O relatório pesquisou processos julgados pelo Tribunal de Justiça do Rio (TJ-RJ) entre janeiro e junho de 2021. No total, foram analisados 242 processos, envolvendo 342 réus que se relacionam com o tema. Os processos foram iniciados entre 2005 e 2021. A maioria deles, 44,93%, tramitou originalmente na capital fluminense. Na maioria dos processos analisados, 88,84%, a acusação era de crime de roubo. Os réus foram mantidos presos provisoriamente em 83,91% dos casos.

Isabel defende mudanças nas várias instâncias e que diversos atores estejam envolvidos, desde policiais, para que não sejam oferecidas denúncias apenas com base no reconhecimento, a advogados, defensores públicos e tribunais.

Questionada sobre o uso do reconhecimento fotográfico como forma de identificar suspeitos, a Secretaria de Estado de Polícia Civil diz, em nota, que os delegados “são orientados a não usar apenas o reconhecimento fotográfico como única prova em inquéritos policiais para pedir a prisão de suspeitos”.

A instituição acrescenta: “O método, que é aceito pela Justiça, é um instrumento importante para o início de uma investigação, mas deve ser ratificado por outras provas técnicas”.

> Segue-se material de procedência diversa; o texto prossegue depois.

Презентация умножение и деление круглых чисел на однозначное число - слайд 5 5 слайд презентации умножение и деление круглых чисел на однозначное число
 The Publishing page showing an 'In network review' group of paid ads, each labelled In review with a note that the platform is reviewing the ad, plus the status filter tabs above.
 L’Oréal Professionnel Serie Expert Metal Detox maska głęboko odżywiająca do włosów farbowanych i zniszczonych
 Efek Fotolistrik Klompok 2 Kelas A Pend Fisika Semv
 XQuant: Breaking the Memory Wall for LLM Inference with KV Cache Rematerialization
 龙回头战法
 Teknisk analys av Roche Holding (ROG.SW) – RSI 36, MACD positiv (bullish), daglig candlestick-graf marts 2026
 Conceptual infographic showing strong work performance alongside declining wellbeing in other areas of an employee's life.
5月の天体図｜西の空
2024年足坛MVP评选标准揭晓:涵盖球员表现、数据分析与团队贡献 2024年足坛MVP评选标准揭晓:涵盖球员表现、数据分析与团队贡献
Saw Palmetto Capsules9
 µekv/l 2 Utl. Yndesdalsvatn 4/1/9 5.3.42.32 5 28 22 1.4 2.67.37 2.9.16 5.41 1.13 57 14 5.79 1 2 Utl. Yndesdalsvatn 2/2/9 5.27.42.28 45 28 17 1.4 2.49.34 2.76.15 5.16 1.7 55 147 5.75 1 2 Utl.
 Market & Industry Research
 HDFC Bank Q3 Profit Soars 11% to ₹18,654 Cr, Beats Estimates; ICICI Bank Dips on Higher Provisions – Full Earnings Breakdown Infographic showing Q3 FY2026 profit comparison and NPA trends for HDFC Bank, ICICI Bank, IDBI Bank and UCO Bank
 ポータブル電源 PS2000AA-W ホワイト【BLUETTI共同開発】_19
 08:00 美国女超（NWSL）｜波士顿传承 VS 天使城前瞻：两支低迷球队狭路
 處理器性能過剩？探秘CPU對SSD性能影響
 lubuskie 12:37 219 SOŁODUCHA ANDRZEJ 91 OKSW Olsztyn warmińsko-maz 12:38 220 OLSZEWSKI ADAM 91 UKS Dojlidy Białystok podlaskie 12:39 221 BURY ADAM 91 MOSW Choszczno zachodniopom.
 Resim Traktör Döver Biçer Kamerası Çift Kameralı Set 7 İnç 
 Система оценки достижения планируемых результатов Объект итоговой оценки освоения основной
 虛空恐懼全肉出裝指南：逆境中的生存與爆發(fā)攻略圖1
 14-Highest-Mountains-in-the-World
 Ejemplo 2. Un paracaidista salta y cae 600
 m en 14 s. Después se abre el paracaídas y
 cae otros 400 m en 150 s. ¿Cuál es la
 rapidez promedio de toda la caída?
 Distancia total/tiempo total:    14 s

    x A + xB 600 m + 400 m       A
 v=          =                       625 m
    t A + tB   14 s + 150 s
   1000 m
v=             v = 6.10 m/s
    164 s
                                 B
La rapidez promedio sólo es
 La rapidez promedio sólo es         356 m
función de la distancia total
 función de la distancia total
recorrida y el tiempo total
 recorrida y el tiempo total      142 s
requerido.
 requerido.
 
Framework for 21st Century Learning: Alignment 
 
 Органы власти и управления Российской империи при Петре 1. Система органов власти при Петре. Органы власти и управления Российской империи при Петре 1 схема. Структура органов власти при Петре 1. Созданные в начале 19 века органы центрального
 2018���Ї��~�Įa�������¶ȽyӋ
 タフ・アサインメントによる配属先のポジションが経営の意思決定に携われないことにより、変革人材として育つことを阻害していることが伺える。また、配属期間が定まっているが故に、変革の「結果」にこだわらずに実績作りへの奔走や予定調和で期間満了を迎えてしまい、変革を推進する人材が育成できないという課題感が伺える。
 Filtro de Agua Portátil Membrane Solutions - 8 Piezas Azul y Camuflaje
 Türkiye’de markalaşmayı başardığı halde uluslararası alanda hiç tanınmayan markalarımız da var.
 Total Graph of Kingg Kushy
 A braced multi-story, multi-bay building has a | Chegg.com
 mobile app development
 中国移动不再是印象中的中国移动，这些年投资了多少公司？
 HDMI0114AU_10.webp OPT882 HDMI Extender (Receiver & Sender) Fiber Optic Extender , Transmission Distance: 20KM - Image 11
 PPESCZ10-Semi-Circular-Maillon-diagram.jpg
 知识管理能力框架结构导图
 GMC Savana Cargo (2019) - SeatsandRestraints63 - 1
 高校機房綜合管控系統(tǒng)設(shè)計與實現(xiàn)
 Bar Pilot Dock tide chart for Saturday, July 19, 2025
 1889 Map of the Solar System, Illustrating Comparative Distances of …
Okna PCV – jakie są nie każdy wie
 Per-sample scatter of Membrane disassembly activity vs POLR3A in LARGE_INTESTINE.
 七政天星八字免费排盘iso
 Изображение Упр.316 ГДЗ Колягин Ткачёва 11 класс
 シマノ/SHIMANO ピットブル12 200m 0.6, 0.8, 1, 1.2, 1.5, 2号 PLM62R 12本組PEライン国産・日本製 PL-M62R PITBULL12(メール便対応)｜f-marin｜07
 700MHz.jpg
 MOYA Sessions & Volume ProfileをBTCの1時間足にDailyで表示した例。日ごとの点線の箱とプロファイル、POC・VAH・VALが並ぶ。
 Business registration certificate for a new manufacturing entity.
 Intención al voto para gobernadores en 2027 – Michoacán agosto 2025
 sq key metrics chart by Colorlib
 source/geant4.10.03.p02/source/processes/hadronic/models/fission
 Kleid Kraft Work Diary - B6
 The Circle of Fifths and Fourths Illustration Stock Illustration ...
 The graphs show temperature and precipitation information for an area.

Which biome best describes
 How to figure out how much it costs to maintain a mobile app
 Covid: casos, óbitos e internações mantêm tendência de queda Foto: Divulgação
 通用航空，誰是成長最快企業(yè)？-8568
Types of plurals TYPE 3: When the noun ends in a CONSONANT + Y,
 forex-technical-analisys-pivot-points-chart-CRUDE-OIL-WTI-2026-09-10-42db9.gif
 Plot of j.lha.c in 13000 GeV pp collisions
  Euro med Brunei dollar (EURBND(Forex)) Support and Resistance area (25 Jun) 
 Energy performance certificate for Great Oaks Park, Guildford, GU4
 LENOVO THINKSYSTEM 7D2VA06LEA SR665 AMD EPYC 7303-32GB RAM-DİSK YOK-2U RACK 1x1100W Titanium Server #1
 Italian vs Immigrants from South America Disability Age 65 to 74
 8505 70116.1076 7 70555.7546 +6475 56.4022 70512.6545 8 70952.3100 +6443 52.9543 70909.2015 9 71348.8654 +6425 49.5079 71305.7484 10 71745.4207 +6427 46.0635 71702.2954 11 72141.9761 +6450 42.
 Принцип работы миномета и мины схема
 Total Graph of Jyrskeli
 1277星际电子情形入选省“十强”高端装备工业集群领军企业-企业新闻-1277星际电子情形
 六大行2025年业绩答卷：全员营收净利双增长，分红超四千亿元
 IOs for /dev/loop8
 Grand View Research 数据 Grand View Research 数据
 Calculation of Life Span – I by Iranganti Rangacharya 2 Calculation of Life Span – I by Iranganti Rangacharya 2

Este é o terceiro relatório divulgado pela DPRJ. Em fevereiro de 2021, a Defensoria publicou outro levantamento, com dados de dez estados, que mostravam que em 60% dos casos de reconhecimento fotográfico equivocado em sede policial houve a decretação da prisão preventiva e, em média, o tempo de detenção foi de 281 dias, aproximadamente nove meses. A pesquisa gerou repercussão e, em agosto do mesmo ano, o Conselho Nacional de Justiça (CNJ) criou grupo de trabalho para traçar protocolos a fim de evitar a condenação de pessoas inocentes. Formado por especialistas representantes do Judiciário, do Ministério Público, da Defensoria Pública, da segurança pública, da advocacia e de outras instituições, o grupo vai realizar estudos e elaborar proposta de regulamentação de diretrizes e procedimentos para o reconhecimento pessoal em processos criminais.